Now there is something very new on the horizon which appears capable of reviving the excitement, the intensity and the innovation of the human potential movement of the early years. It is an academically sound and energetically focused theory of conversation, a general claim on semantics as such and on the social contract long purported to underlie all intentions to communicate and to give public expression to the inner life of the individual. It is a theory of cosmic evolution taking place in and through the human being, both at fully explicit and consensual levels such as outer behavior and language use, and at heretofore implicit and occult levels, such as the cosmic etheric and astral bodies. It is, in short, a theory of how to conduct ourselves quite literally as cosmic spirits in the presence of other cosmic spirits, of how to comport ourselves as angels, or as though we were angels.

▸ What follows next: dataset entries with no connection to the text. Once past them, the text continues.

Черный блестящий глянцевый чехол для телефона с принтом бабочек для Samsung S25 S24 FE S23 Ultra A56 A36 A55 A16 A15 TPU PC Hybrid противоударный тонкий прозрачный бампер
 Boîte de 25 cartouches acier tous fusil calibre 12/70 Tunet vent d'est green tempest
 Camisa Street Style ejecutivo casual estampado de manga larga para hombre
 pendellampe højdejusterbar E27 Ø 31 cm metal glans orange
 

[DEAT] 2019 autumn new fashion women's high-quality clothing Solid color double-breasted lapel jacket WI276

Imagine the attraction and the power of a place like Esalen in which human beings act quite literally as natural laws, all the way up to the level of their thoughts and their freely realized actions. Imagine the glory of the human male, striding Apollonic amid the harmonies of the elements, of his challengers and of the cosmic hierarchies as a work of art in himself and in his inmost thoughts and deeds. Imagine the dreamlike beauty of the human female, settled comfortably into herself and her radiant goodness, responsive to the cosmic principles of inner creation welling up in her from moment to moment and from circumstance to circumstance. Imagine nature herself appearing to respond to all of this, and exhibiting an etheric harmony among the densities of the earth and rocks, of the sea and the atmosphere, of the sunlight and the astral firmament, of the plants and the birds, of the warmth and the cold. All of this, and more, can be expected to emerge from the human potential when its real origin is discovered, not so much in the body, although certainly it is there, but in the mind and the will to imagine, to envision and to communicate with exactitude the logos of the human spirit.
There is truly a great tradition at Esalen of innovative scholarship, research and original enquiry, from Fritz Perls to Gregory Bateson to Stanislav Grof and many others. Something may soon be added. In late 2005 and early 2006, Carl H. Flygt’s Conversation: A New Theory of Language will appear in print, published by Lindisfarne Books. Pursuant to that, public lectures and workshops will be scheduled, and some of these may be at Esalen. Should the germ of a response be detectable in the market, in academia and in the political life, a systematic attempt should begin to blend scholarship, partnership, research, travel and teaching, and Esalen could play a significant role in that program. Pursuant to that program, and I think almost certainly to no other, Esalen can expect to enjoy a bit of a comeback from the spiritual lull it and its sister organizations have recently experienced.